**Problem details:**
Using the listing, copy each whole line that features "phone".

^^^^

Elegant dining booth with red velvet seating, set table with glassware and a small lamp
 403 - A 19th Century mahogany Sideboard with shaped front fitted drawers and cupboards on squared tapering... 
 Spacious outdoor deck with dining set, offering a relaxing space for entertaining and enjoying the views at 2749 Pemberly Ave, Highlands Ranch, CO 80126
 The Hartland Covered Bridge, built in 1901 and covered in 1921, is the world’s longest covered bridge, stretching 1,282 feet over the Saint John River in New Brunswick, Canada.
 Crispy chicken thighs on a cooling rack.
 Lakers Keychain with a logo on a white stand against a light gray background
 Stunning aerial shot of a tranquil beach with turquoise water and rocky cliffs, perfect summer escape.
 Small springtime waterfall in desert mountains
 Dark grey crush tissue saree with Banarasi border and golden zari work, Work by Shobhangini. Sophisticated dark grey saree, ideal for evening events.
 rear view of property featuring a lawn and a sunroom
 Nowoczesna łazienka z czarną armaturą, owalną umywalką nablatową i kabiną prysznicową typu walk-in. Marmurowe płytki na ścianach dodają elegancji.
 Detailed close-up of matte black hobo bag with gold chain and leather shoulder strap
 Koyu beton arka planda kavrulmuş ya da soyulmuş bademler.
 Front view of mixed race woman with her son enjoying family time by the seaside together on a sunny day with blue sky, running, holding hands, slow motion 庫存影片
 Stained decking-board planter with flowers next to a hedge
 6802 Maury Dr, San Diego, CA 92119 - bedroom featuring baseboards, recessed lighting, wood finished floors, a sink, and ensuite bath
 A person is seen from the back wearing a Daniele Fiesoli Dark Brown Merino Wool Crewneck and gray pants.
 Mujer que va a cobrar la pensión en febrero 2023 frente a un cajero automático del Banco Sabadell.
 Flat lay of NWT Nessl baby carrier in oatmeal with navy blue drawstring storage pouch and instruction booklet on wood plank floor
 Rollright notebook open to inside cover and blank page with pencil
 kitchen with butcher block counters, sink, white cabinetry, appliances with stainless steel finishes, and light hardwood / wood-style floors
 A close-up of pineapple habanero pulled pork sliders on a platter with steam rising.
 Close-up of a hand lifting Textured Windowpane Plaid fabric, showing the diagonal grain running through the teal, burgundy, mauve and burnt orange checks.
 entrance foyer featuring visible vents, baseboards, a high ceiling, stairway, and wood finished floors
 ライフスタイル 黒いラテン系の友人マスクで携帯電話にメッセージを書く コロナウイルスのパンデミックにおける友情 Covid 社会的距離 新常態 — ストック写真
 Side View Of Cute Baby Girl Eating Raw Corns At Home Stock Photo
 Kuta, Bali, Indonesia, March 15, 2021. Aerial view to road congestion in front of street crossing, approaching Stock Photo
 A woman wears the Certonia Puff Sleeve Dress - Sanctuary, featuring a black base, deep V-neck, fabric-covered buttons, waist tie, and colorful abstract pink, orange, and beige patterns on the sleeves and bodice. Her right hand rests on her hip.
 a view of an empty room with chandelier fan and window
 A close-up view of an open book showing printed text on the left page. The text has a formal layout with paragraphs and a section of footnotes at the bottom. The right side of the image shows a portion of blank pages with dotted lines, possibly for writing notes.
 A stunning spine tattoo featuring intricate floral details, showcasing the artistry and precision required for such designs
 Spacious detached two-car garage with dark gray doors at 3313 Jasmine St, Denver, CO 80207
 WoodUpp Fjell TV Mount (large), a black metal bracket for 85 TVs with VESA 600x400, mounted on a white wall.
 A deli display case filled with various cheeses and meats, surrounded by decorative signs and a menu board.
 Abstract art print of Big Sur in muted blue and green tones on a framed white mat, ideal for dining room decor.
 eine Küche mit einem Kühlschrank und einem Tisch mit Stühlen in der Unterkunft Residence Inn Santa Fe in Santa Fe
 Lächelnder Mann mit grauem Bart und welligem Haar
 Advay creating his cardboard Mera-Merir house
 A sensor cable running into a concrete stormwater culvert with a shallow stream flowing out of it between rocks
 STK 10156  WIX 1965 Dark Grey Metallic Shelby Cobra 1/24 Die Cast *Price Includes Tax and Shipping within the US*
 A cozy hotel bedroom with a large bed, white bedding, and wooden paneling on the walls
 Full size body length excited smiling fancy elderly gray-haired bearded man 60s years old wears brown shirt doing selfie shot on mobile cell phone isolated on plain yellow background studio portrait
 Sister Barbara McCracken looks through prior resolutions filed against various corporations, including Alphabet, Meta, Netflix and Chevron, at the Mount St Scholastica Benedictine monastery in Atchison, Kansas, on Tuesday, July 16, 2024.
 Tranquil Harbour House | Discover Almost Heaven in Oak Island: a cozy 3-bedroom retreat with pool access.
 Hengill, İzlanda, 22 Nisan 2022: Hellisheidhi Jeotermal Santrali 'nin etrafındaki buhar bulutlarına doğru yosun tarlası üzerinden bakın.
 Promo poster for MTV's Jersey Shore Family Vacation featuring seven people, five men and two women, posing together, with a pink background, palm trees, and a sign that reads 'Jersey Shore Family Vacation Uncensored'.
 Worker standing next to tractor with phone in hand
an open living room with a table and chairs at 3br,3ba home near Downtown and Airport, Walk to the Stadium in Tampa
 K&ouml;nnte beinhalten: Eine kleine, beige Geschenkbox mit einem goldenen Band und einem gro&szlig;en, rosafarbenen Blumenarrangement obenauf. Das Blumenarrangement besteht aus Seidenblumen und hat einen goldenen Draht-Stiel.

^^^^

**Task response:**
 Full size body length excited smiling fancy elderly gray-haired bearded man 60s years old wears brown shirt doing selfie shot on mobile cell phone isolated on plain yellow background studio portrait
 Worker standing next to tractor with phone in hand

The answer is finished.